▶ _Problem details_
Both ends included, set down the lines from the line containing "50pcs/paket Kawaii Malo" through the last line of the records below, without pictures.

Records from a dataset
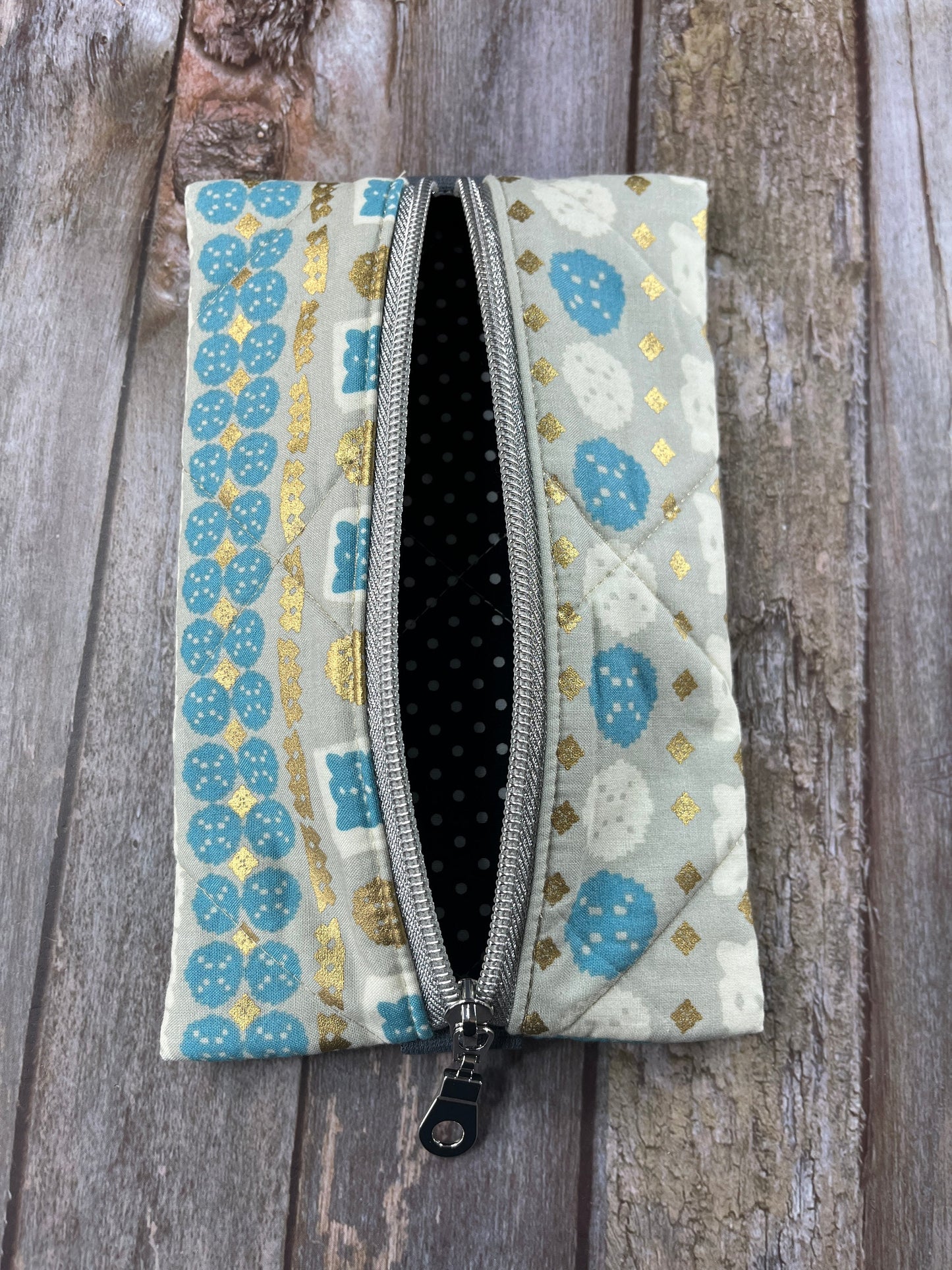 Turquoise Gold Cream Patchwork Notebook Pencil Case - Uphouse Crafts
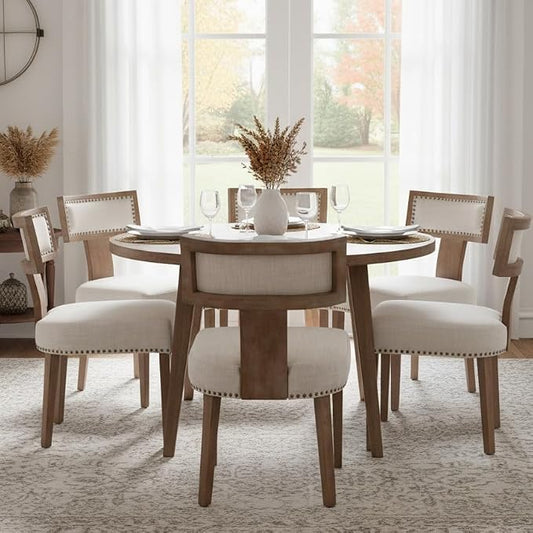 RIVOVA Mid Century Modern Dining Chairs Set of 6 Linen Fabric Upholstered Kitchen Side Chairs with Nailhead Trim, Modern Kitchen Armless Solid Wood Dining Chairs, Beige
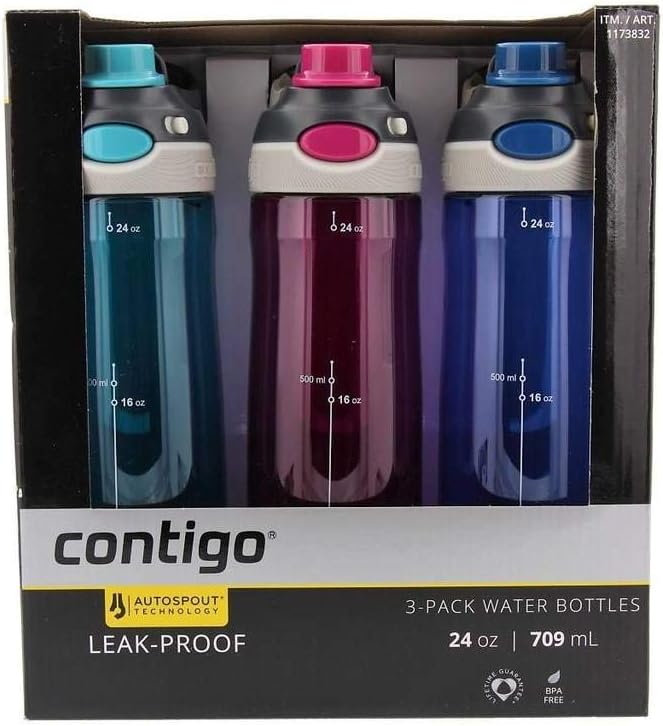 Contigo AUTOSPOUT Chug Leak-Proof Water Bottles 24oz, 3 Pack (Turquoise, Pink, Blue)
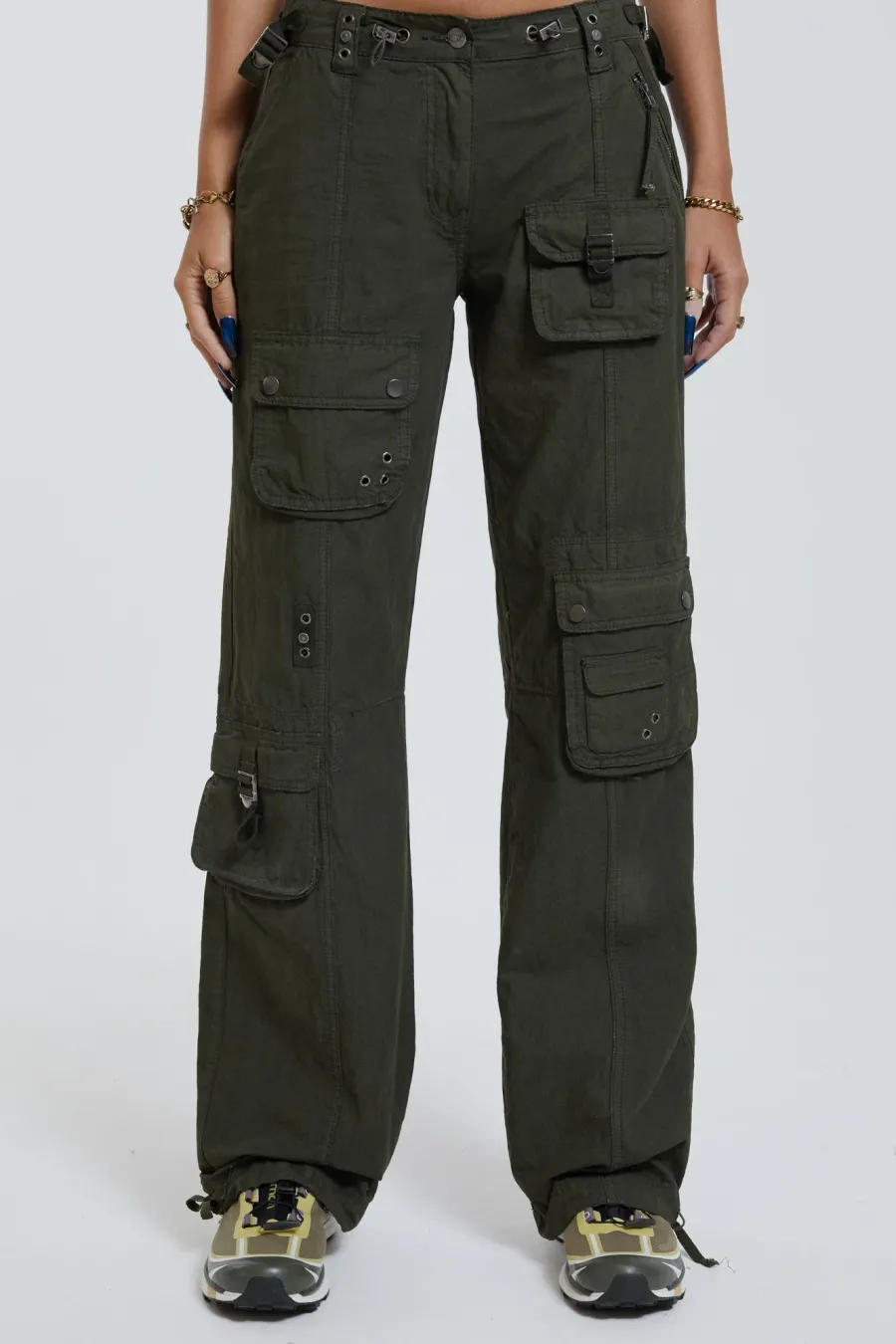 Jaded London Trousers*Khaki Low Rise Cargo Pants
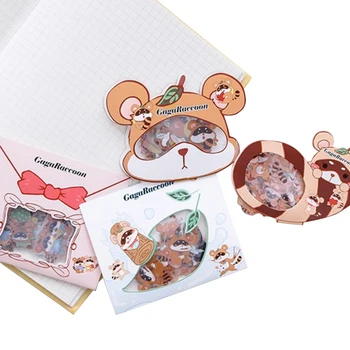 50pcs/paket Kawaii Malo rakun prozorno nalepko Načrtovalec DIY Scrapbooking Dnevnik Dekoracijo Zvezek Nalepke Darila za Otroke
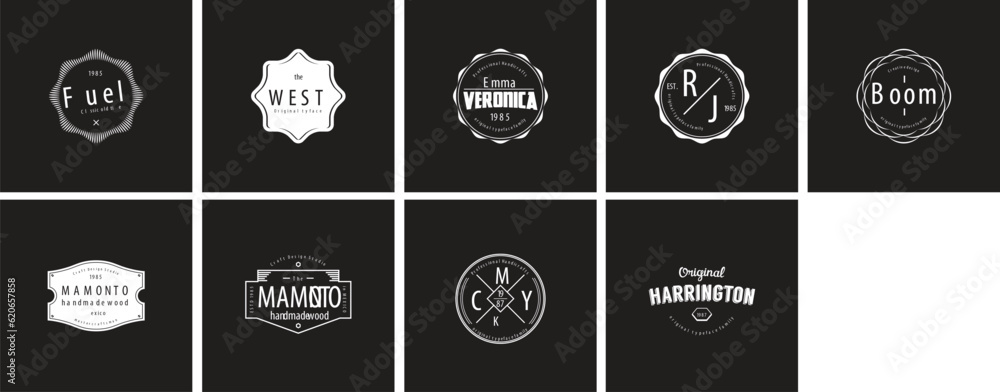set of black and white labels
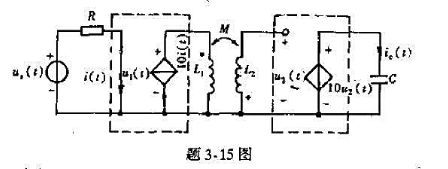 在题3-15图所示电路中,C=1F.试求耦合电感元件的输入端口电压u1（t)和电容电流ic（t).在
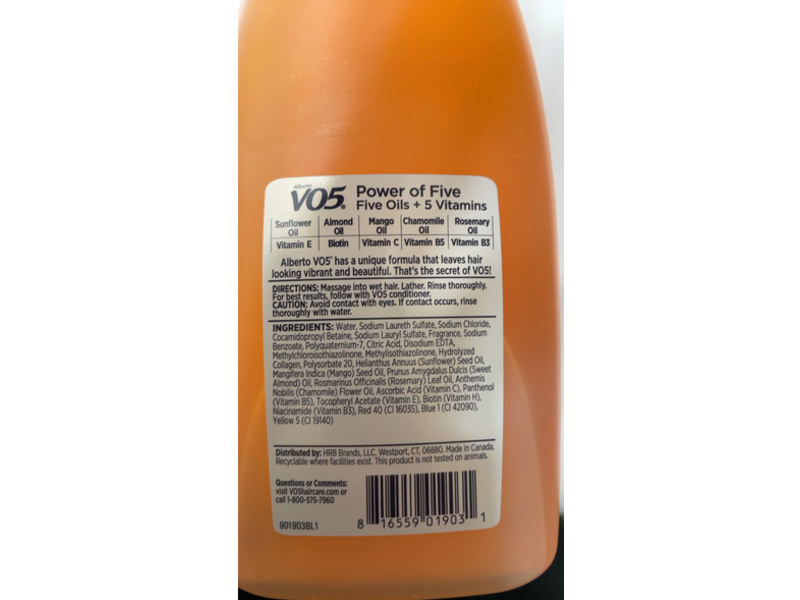 Alberto VO5 Extra Body Volumizing Shampoo, Power Of 5, 18 fl oz/532 mL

▶ _Solution_
 50pcs/paket Kawaii Malo rakun prozorno nalepko Načrtovalec DIY Scrapbooking Dnevnik Dekoracijo Zvezek Nalepke Darila za Otroke
set of black and white labels
 在题3-15图所示电路中,C=1F.试求耦合电感元件的输入端口电压u1（t)和电容电流ic（t).在
 Alberto VO5 Extra Body Volumizing Shampoo, Power Of 5, 18 fl oz/532 mL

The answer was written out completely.